Donc, il faut regarder avec beaucoup de minutie. La société BRGM, qui est une société publique, a des techniques spécifiques héliportées pour que nous puissions faire des scans, des photographies de l’île. Et à partir de là, il pourrait être envisagé de faire des forages. Il y a toute une série d’investissements qui pourront être consentis, qui seront peut-être financés à partir du prêt de 100 millions d’euros qui sera accordé à Maurice.
Quels sont les autres secteurs qui vous intéressent ? Nous nous sommes beaucoup engagés dans le secteur de l’eau. À côté, nous travaillons pas mal avec le ministère des Finances, la Banque Centrale et le secteur bancaire sur la finance durable. Nous avons déjà financé plusieurs lignes de crédit avec le programme Sunref. Ce programme va se transformer. On va continuer à travailler avec les banques publiques pour l’AFD, pour la finance climat. Et puis, Proparco, notre filière de secteur privé, continuera de travailler avec la MCB, l’APSA et d’autres. Nous aurons des conditions qui seront plus appropriées pour travailler avec les banques publiques avec un accompagnement fort en assistance technique. Au-delà de tout cela, on aura un appui sectoriel. C’est-à-dire qu’aujourd’hui, faire avancer la finance, c’est aussi travailler avec la banque centrale sur les réglementations, la taxonomie…
Cette fois, nous aurons une subvention pour améliorer l’environnement pour la finance climat avec des programmes d’appui au niveau de la banque centrale, au niveau de l’association des banques. Nous continuerons notre partenariat avec Business Mauritius pour soutenir les entreprises qui cherchent des financements pour se transformer et s’adapter aux changements climatiques ou qui songent à investir dans tout ce qui est des investissements climat et d’adaptation aux changements climatiques ou d’atténuation. Nous nous penchons également sur l’énergie, notamment l’énergie renouvelable à Rodrigues. Une mission est à l’étude pour septembre. Je regarde aussi la gouvernance climatique et tout ce qui concerne les risques côtiers. Nous avons un bon dialogue avec les hôteliers et Business Mauritius afin de créer un dialogue avec le gouvernement sur la meilleure gestion des zones côtières.
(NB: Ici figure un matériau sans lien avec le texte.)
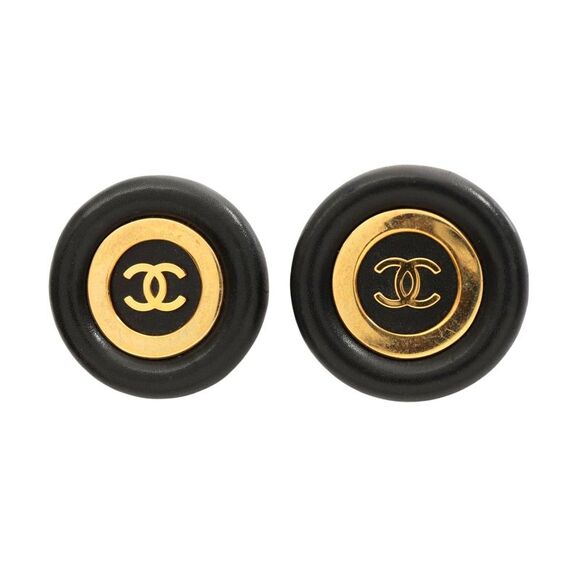 Chanel Coco Mark Earrings Gold Plated Leather - Picture 1 of 7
Il faudrait que les investissements se fassent de manière concertée pour une gestion durable des côtes avec des solutions par la nature. Il y a tout un travail là-dessus. Et il y a également le port. Nous avons financé les portiques dans le passé. Sans compter que nous nous intéressons aussi au patrimoine de Port-Louis. Donc, nous avons un portefeuille dense.
Vous êtes aussi très engagée sur le plan régional ?
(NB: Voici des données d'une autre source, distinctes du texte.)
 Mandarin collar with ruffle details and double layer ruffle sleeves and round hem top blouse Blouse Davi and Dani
Certainement, parce que nous sommes partenaires au sein de la Commission de l’Océan Indien, que nous finançons depuis un bon bout de temps. Et nous avons des très beaux projets avec la COI. Nous avons en cours à peu près cinq projets, dont le projet Hydrométéorologie (Hydromet) pour tout ce qui concerne la météorologie, le projet RECOS, qui concerne le renforcement de la résilience des écosystèmes côtiers et des services associés. Il y a aussi ExPLOI, qui vise à lutter contre la pollution plastique, ou encore le projet Paix, stabilité et gouvernance, qui soutient un rôle plus actif de la COI en matière de diplomatie préventive et médiation des conflits, de promotion de la culture de paix et d’appui au renforcement de la gouvernance. Ensuite le projet de renforcement de la sécurité sécuritaire… Le mot de la fin ? Il y a une alchimie qui s’est bien faite à Maurice et où j’ai pu valoriser mon expérience. À ce titre, je remercie Maurice d’avoir su tirer le meilleur de mon expérience pour qu’on arrive à bien travailler ensemble.